I’ve really enjoyed two papers recently: “Policy Optimization as Wasserstein Gradient Flows” (Zhang et al. 2018) and “Wasserstein Policy Optimization” (Pfau et al. 2025). Collectively, they present an interesting perspective on the learning of optimal policies in RL.
I implemented Wasserstein Policy Optimization (WPO), a reinforcement learning algorithm that replaces standard policy gradient’s “move probability toward high rewards” with something more sophisticated: follow the gradient field of the value function in action space.

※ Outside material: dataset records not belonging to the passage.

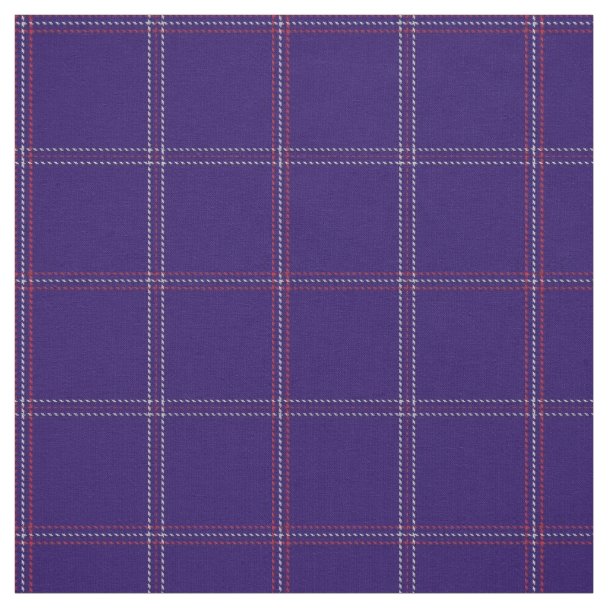 Ulster Ireland District Tartan Irish Plaid Fabric Zazzle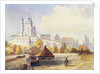 Holy Dormition Pochayiv Lavra by Taras Grigoryevich Shevchenko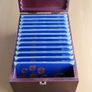 Euro coins sets + Special Mint 10 years euro 2009 Medals Collection in wood chest Image 4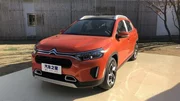 Citroën C3-XR restylé : le SUV chinois adopte le nouveau style maison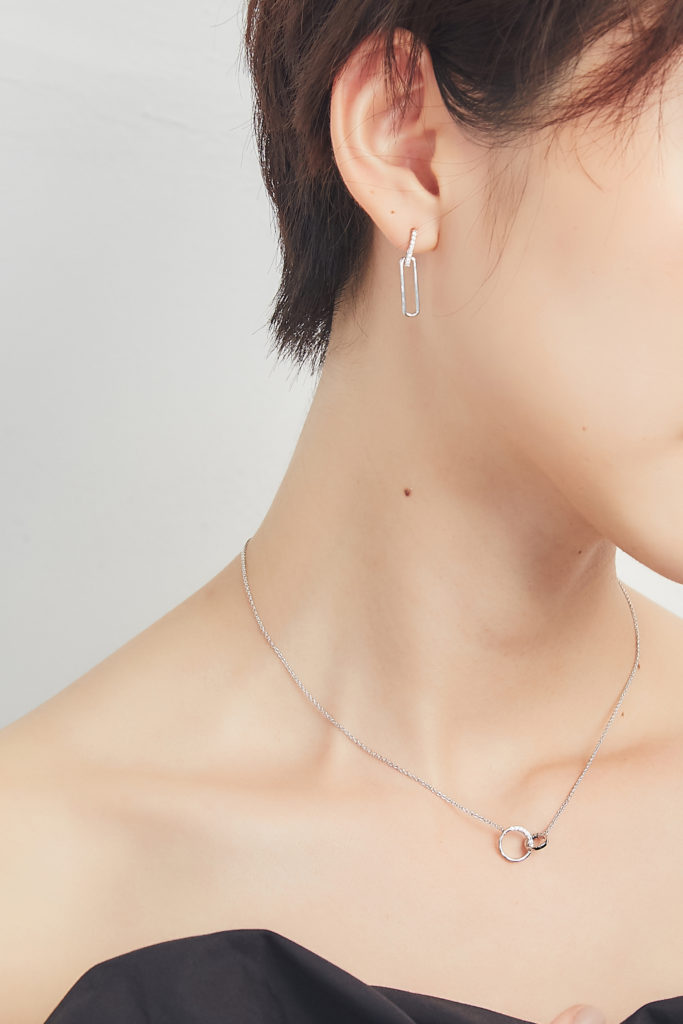 Eco安珂飾品，韓國耳環，夾式耳環，OL耳環，微華麗耳環，垂墜耳環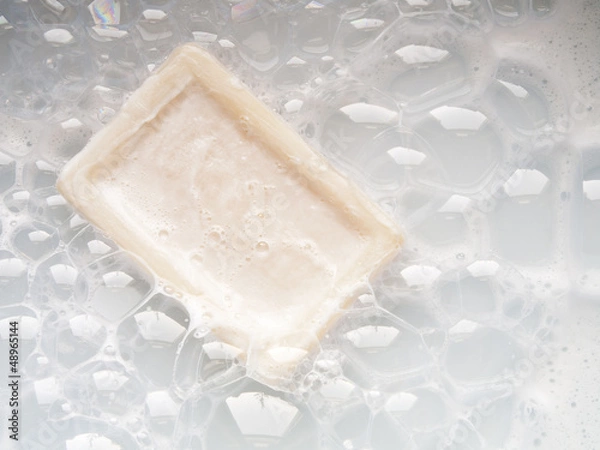 Fototapeta bar of soap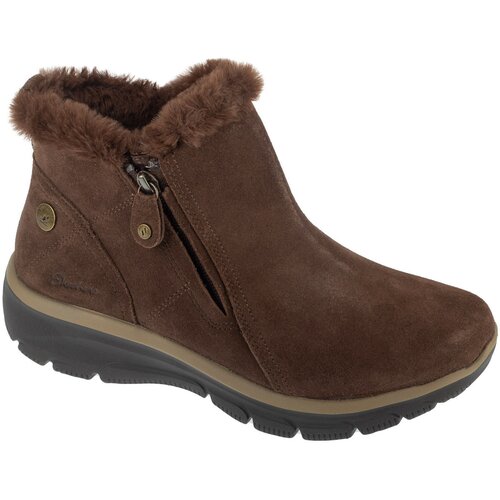 Skechers Pol&amp;scaron;kornji Easy Going - High Zip 2 Kostanjeva Slike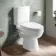 Tahoe Close Coupled Toilet With Soft Close Seat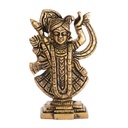 Handcrafted Brass Loard Shreenathji Collectible/ Idol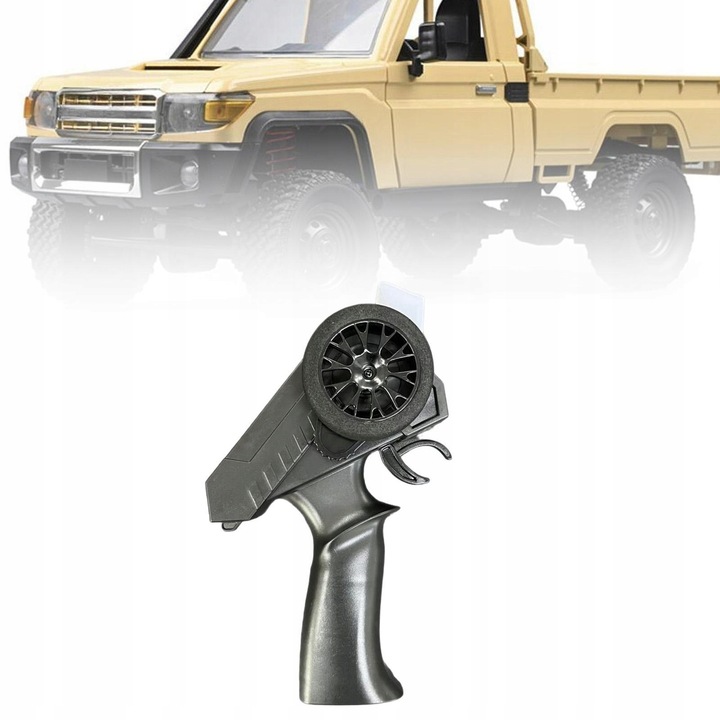 Kontroler samochodowy RC 2.4 GHz Pilot zdalnego sterowania Nadajnik RC do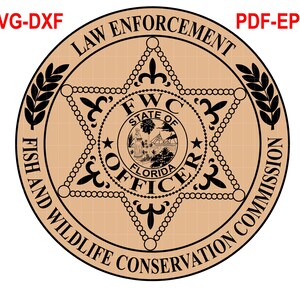 Florida Fish and Wildlife Conservation Commission Badge, Logo, Seal ...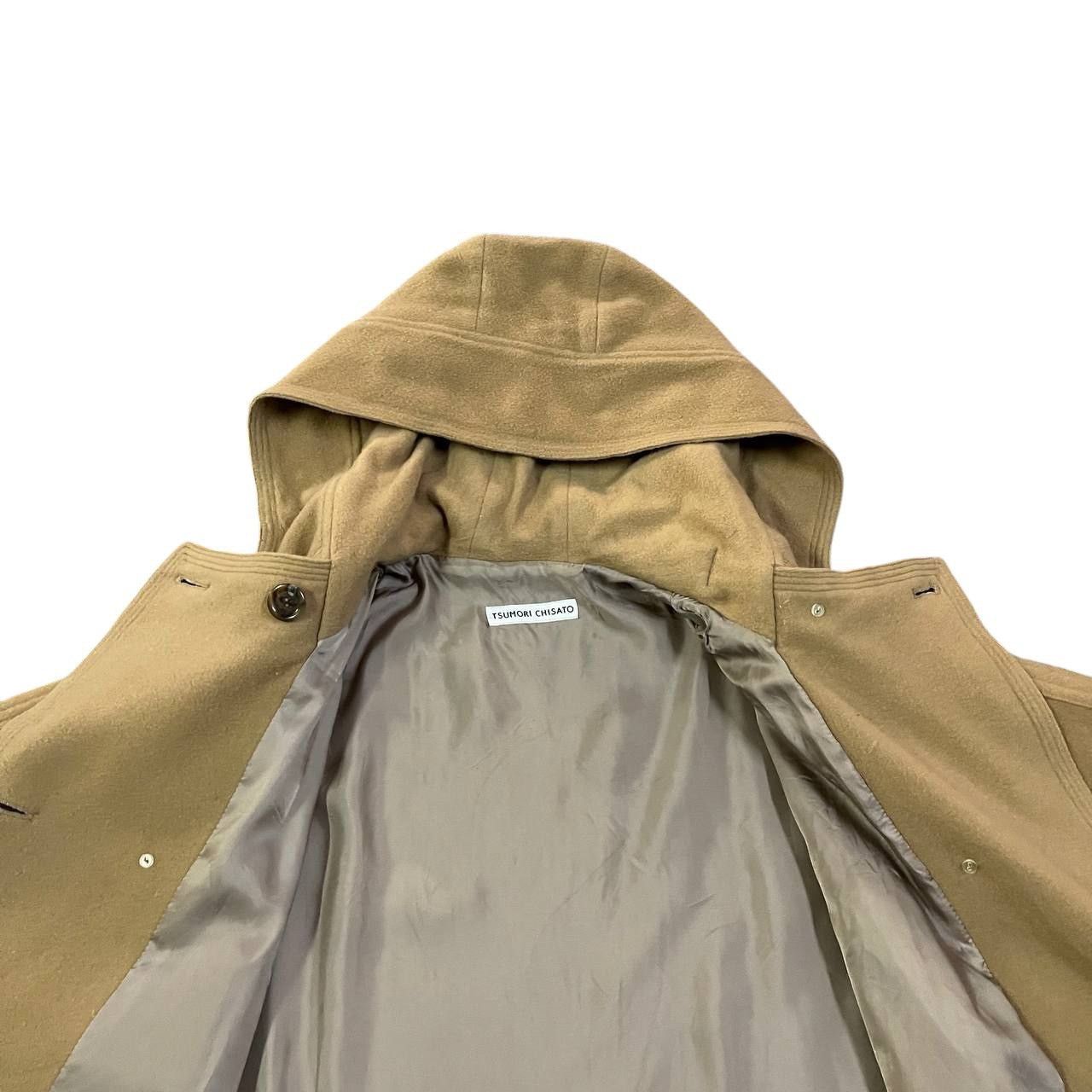 Issey Miyake Vintage Tsumori Chisato Issey Miyake Wool Coat Size US M / EU 48-50 / 2 - 9 Thumbnail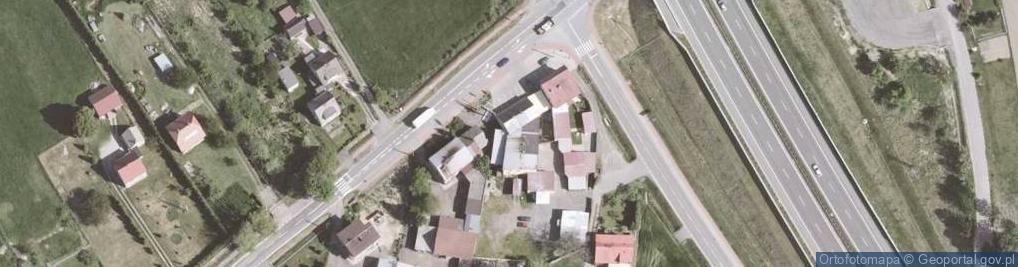 Zdjęcie satelitarne Przedsiębiorstwo Produkcyjno Handlowe Wysocki Joachim Wysocki Andrzej Wysocki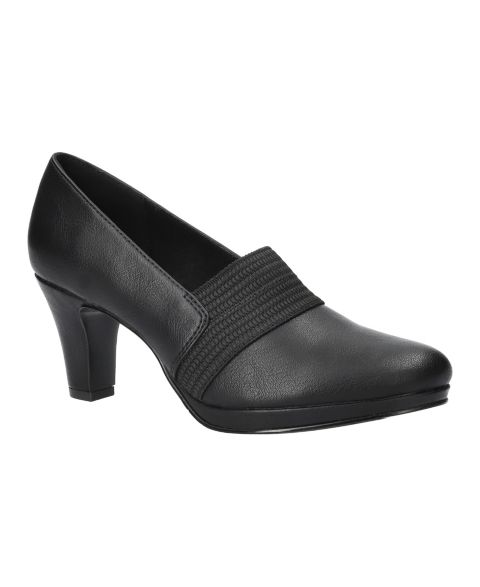 Женские туфли Easy Street Donya Slip-On Pumps, цвет: Чёрный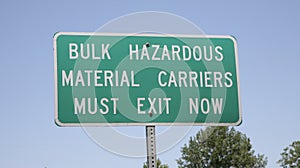 Hazardous Material Carriers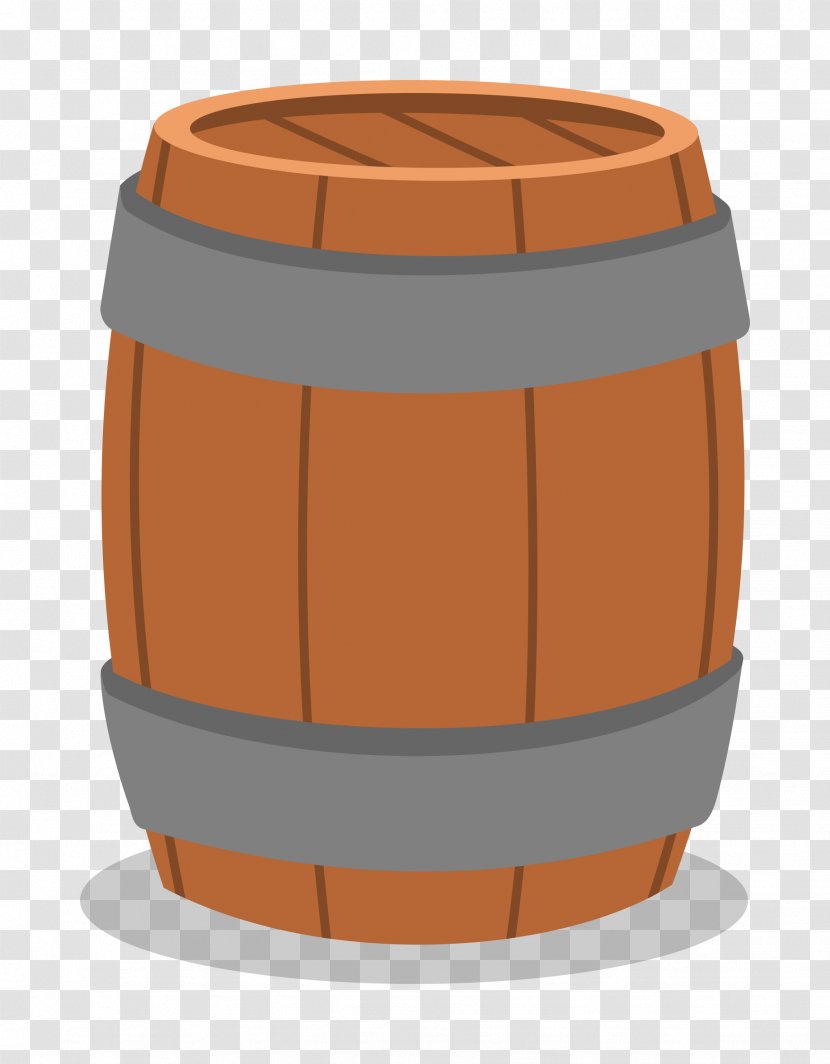 DeviantArt Pony Barrel Cylinder - Wooden Transparent PNG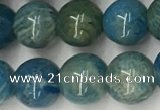 CAA3977 15.5 inches 6mm round chrysanthemum agate beads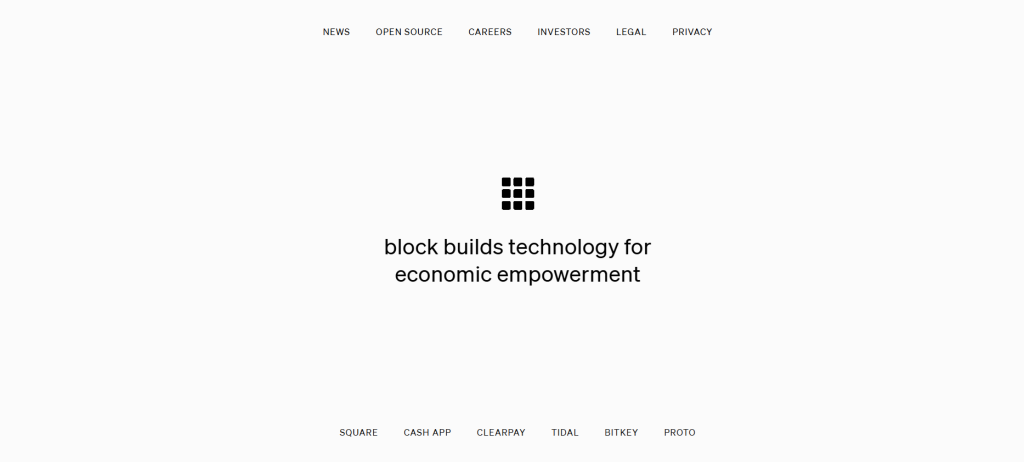 Krypto akcie block.inc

The standard policy gradient for a Gaussian policy $\pi(a \mid s) \sim \mathcal{N}(\mu,\sigma^2)$ updates as \(\nabla_{\theta}J = \mathbb{E}_{\pi} \left[ Q(s,a) \cdot \nabla_{\theta} \log\pi(a \mid s) \right]\) The Q-value $Q(s,a)$ is a scalar weight, so high Q-value actions amplify their log probability gradient. This is intuitive: make good actions more likely. However, this fails to include some important information—$Q(s,a)$ only tells us that an action is good, not which direction in action space leads to better actions.
WPO uses $\nabla_a Q(s,a)$ instead: the gradient of $Q$ w/r/t/ the action itself: \(\nabla_{\theta}J = \mathbb{E}_{\pi} \left[ (\nabla_a \log \pi) \cdot (\nabla_a Q) \cdot \nabla_{\theta}\mu \right]\) For a Gaussian policy, $\nabla_a \log\pi(a \mid s) = -(a - \mu) / \sigma^2$, giving \(\text{WPO signal} = \frac{-(a-\mu)}{\sigma^2} \cdot \frac{\partial Q}{\partial a}\) In words: the policy mean follows the gradient field of $Q$. if $\partial Q / \partial a > 0$ ($Q$ increasing rightward), the update pushes $\mu$ in that direction, scaled by how far the sampled action was from the mean.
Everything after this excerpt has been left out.